動物病院を受診した際、「ステロイド治療が必要です」と言われると、不安に思われる飼い主さんもいらっしゃるかもしれません。ステロイドは、猫のさまざまな病気に対して非常に効果的なお薬ですが、その効果と同時に副作用についても理解しておくことが大切です。

 

今回は、猫のステロイド治療について、その種類、どんな時に使うのか(適応)、そして気をつけたい副作用について詳しく解説します。

 

 

ステロイドの種類

ステロイドとは、猫の体内で作られる副腎皮質ホルモンの一種で、それを人工的に合成したものがステロイド剤です。作用の強さや持続時間によってさまざまな種類があります。

 

猫によく使われる主なステロイドは以下の通りです。

 

プレドニゾロン

最も一般的に使用される経口(飲み薬)のステロイドです。比較的短期間で効果が現れ、様々な炎症性疾患や免疫介在性疾患に幅広く用いられます。錠剤や液剤などがあります。

デキサメタゾン

プレドニゾロンよりも強力で、効果の持続時間も長いステロイドです。重度の炎症や緊急時などに使用されることがあります。注射薬としても利用されます。

トリアムシノロン

皮膚疾患の治療などで使用されることがあります。注射剤として、効果が長く持続するタイプ(持続性ステロイド)もあります。

ヒドロコルチゾン

作用が比較的弱く、皮膚の塗り薬や点耳薬、点眼薬など、局所的に使われることが多いステロイドです。

 

これらの他にも、特定の疾患や投与経路に合わせたさまざまなステロイド製剤があります。
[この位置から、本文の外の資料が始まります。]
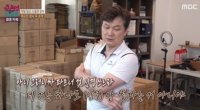 오은영리포트 결혼지옥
獣医師は、猫の病状や体の状態、治療目標に合わせて最適なステロイドの種類と投与方法を選択します。

 

 

 

 

ステロイドの適応(どんな時に使うの?)

ステロイドは、その強力な作用から、非常に幅広い疾患に適用されます。

猫での主な適応症は、以下の通りです。

1.炎症性疾患

・皮膚炎 : アレルギー性皮膚炎、好酸球性プラーク、アレルギーなど、かゆみや炎症を伴う皮膚疾患の症状を抑えるために使用されます。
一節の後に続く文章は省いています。